What are the issues with GDP?
GDP uses figures that are adjusted for inflation.
Reported figures for GDP for each individual.
Comparing currencies - it can be hard to compare with different nations as they have different currencies. One way to compare is to compare the buying power across countries for a standardised basket of goods.
Health
Health - health of a nation is a good indicators of the standard of living (income and how much people can buy) and potential demand and prosperity in a country.

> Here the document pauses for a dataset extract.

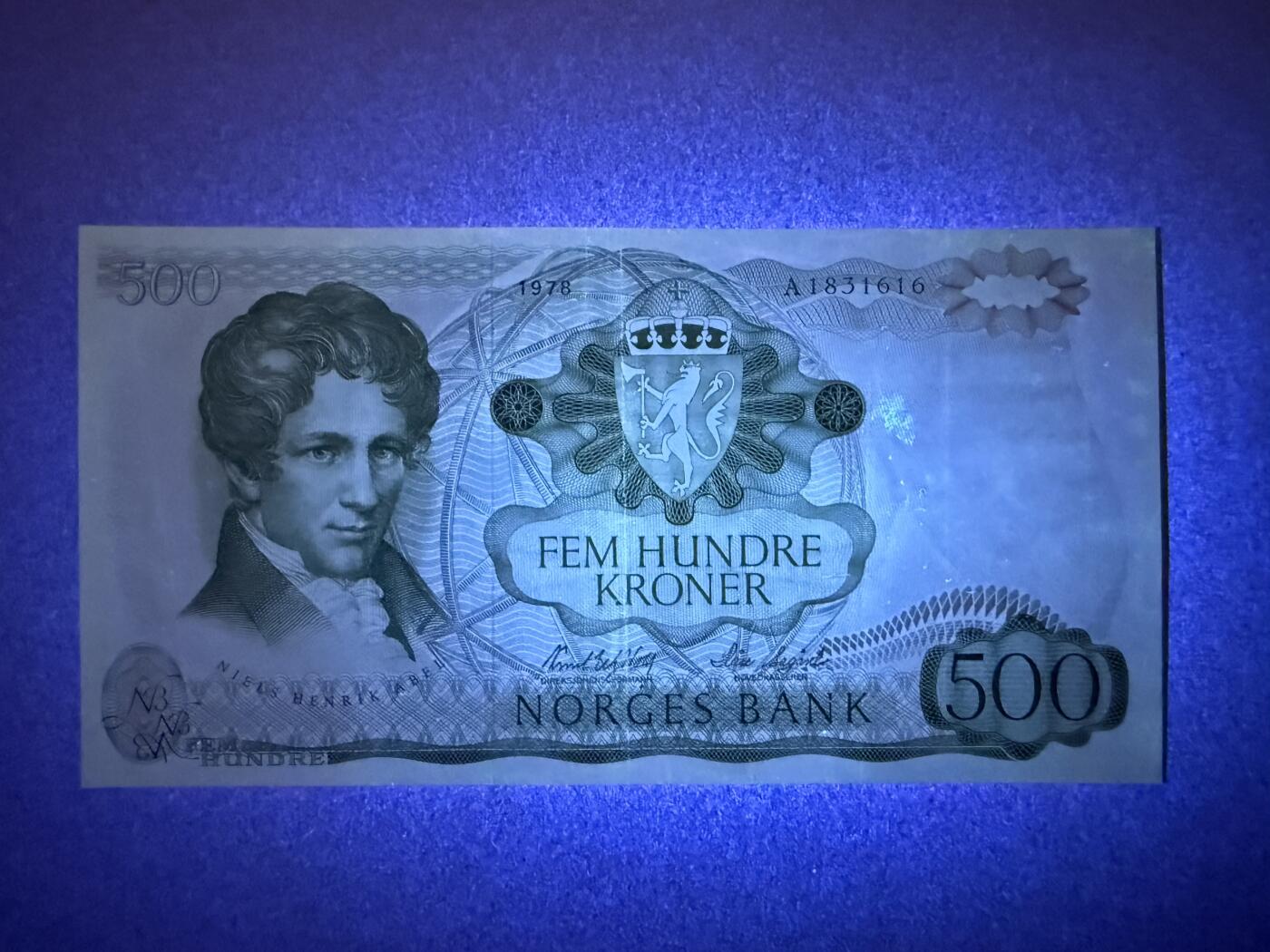 《艾美收藏》第224期-12.14周日外币超白金场 挪威500克朗 AU 1978年首发年A冠a版 挪威数学家阿贝尔 无47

How do you measure health?
Life expectancy
Infant death rate
Access to clean water
Doctors per 100000 people
Literacy
Literacy rates is a indication of the standard of living in terms of education and skills in workforce. Higher education rates leads to better quantity workforce.
Human Development Index
HDI is a combination of economic statistics for a country. The purposed of HDI is to focus on the countries people rather then the economic context.
How do you measure HDI?
Life expectancy
Mean years of schooling
Gross National Income - (measure of income based on US dollar value of a country’s income divided by its population)
What is importing and exporting?
Importing is buy or importing products, materials and components for the production of goods from a foreign country.
Exporting is selling products and services directly to foreign customers.
Why do business use importing and exporting?
Importing and exporting is the easiest way for business to trade internationally but it does have risk with fluctuations in exchange rates which will influence the demand and cost from foreign buyers.